A - Santiago Seage: Thank you, Angie. I'm not familiar enough with the situations you described and the reason for the different valuations you were mentioning. Obviously in our sector, interest rates play a significant role, but I wouldn't be able to elaborate a lot regarding the examples you have mentioned. Obviously we are aware of the transactions in the sector, but we typically do not spend too much time trying to understand valuations.

Angie Storozynski: Okay, but how about the fact that you managed to buy these wind assets in the UK at such low multiples? I mean, you sort of alluded to that, that those are middle of the market types of deals that might be coming at attractive multiples, but overall just wondering if that is indicative of basically the value of your existing assets given that you can buy assets at such low multiples.

Santiago Seage: Yeah, so specifically in that case or in general in what I told before, the middle part of the market, I would say that competition is lower than in the market you were describing before.
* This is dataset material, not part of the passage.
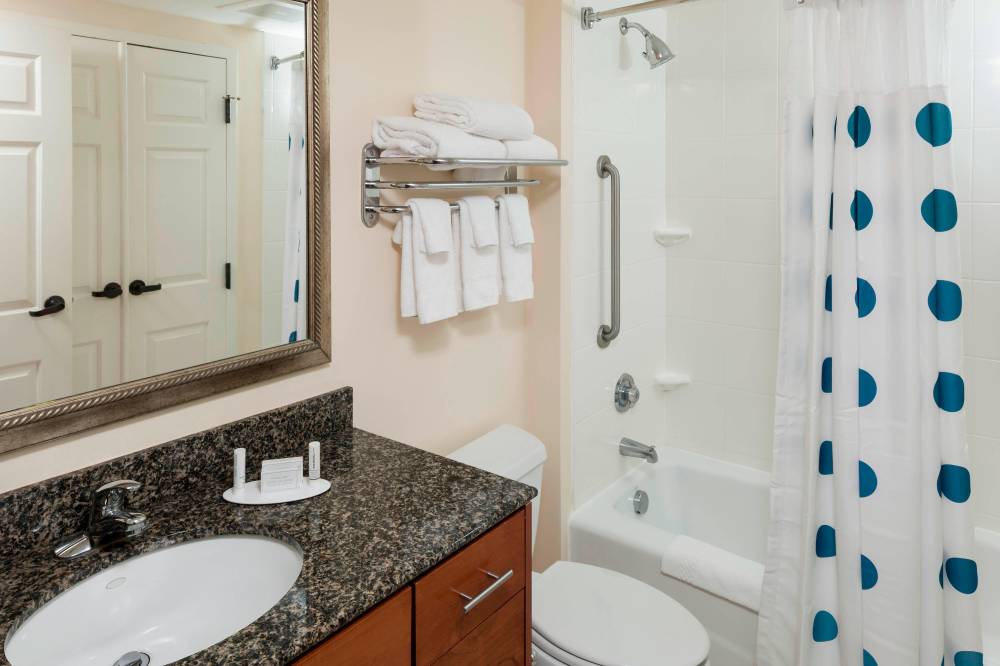 Towneplace Suites By Marriott Suffolk Chesapeake 2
So in certain situations we are able to find opportunities at multiples that we believe are attractive for us. I wouldn't try to draw too many conclusions. I mean the market of purchasing a $65 million asset is very different from some of the examples you are describing. And obviously in order to find a situation like that, in our case, we had to look at many situations. Actually in the UK, because of the fact that we have NOLs locally, we have been looking for opportunities to invest for a long time and until now we have not found a situation with numbers attractive enough. So I wouldn't say that it's easy to find a $60 million asset in the UK at the multiple we shared with you. In our case, we had to turn around many, many stones.

Angie Storozynski: Okay, and then changing topics a little bit, so the wind assets you guys bought in the U.S., those were expiring PPAs. I mean, sort of an opportunistic timing here given that we have this run-up in forward power prices in the U.S., Texas in particular. Just wonder if that's been impacting your decisions about repowering, maybe keeping some of these assets merchant for longer to capture this improving power market fundamental.

A - Santiago Seage: Yes, so yes. As you know, specifically the asset in Texas, at this point in time it's merchant and part of the reason for keeping it merchant is because we thought and we think that we can benefit from, let's say, more positive dynamics in the market. This doesn't mean that we will want to have assets merchant forever, but short-term or tactically or opportunistically, we are happy with that exposure in those assets which are a very small percentage of our portfolio. At some point in time, we will be – we expect repowering, reinvesting in those assets. But again, depending on how the market evolves, one repowering or another might make more sense. It's not only repowering with wind, you also have opportunities to repower with storage. So we are trying to maintain that merchant exposure until we have a strong point of view regarding which repowering is the best. And again, we have a partner in these projects. So it takes two to tango and we need to make sure that we tango whenever we are both ready and we have a strong point of view regarding rising dynamics.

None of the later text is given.